LISA (Laser Interferometer Space Antenna) is a low-frequency gravitational wave observatory (0.1 mHz - 1 Hz) to be launched by ESA in 2035. It aims to observe several populations of relativistic binary stars: the white dwarf binaries in our Galaxy, super-massive black holes in coalescence, stellar-mass black holes captured by super-massive black holes in galactic nuclei, etc. In addition, we hope to observe stochastic gravitational wave signals from the primordial Universe.  Because of the dominant seismic noise at these frequencies, these sources cannot be observed by ground-based detectors.  Observing these sources will provide unique information about the history of the primordial Universe, the formation of large structures, the verification of the theory of general relativity and perhaps the nature of dark matter.
    We expect to detect thousands to tens of thousands of sources over the duration of the mission, with signals overlapping in time and frequency. In addition, we expect gaps in the data and artefacts from the instrument and the environment (for example, the impact of micro-meteorites or asteroid flybys). We need to detect all these sources and characterise them simultaneously: this problem is often called ‘global fit’ and is the main subject of PhD theses.

The project is divided into several parts.

1. Mathematical concept (statistics). 
Many gravitational wave signals dominate the data. The ‘noise’ is actually made up of very many weak sources, which overlap, creating a stochastic foreground. This complicates the concept of source ‘detectability’ and means that it has to be treated within a statistical framework. This mathematical framework is necessary even for detected sources in order to measure the quality of the solution found or when several solutions are identified to know their statistical compatibility.

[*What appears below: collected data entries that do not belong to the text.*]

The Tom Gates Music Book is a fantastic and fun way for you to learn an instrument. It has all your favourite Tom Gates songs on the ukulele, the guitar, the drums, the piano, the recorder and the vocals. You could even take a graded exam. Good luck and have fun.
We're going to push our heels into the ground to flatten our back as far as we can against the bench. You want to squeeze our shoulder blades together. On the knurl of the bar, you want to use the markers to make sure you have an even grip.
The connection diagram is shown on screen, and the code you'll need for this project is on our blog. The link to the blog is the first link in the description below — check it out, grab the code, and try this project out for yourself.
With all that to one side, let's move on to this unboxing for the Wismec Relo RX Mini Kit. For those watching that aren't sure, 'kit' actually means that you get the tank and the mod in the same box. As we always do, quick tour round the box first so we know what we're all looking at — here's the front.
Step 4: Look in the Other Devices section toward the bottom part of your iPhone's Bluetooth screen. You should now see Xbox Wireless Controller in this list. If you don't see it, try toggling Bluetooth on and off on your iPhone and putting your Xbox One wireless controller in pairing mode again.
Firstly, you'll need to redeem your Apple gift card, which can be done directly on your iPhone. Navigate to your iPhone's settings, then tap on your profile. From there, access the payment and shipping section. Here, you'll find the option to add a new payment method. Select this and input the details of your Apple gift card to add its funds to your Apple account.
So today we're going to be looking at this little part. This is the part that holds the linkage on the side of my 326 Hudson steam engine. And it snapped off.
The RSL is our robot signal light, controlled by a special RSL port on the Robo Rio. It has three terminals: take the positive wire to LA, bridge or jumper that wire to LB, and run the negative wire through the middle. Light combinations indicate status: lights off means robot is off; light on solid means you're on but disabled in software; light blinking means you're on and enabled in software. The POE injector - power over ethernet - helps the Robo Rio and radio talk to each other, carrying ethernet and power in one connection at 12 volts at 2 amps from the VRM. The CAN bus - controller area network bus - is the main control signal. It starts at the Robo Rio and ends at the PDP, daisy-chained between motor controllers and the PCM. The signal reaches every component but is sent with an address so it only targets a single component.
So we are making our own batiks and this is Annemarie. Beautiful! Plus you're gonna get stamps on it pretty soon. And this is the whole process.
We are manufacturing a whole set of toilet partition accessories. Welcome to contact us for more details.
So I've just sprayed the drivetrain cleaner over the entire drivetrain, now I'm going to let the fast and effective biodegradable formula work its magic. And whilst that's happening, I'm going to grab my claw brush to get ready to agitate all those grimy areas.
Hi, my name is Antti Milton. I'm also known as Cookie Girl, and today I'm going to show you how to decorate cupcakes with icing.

2. Perform an analysis of simulated (realistic) data. 
The aim is to reliably detect and characterise all resolvable sources. These results will be used to create the catalogue of gravitational sources available to the scientific community. The main challenge is that some sources are correlated with each other and all sources are correlated with the shape and level of the noise. The simultaneous adjustment/detection of all the sources is a difficult problem because of the enormous dimensionality. We will approach this problem using (i) the Bayesian approach and (ii) the Machine learning approach (Autoencoders, Normalising flow, Simulation based inference)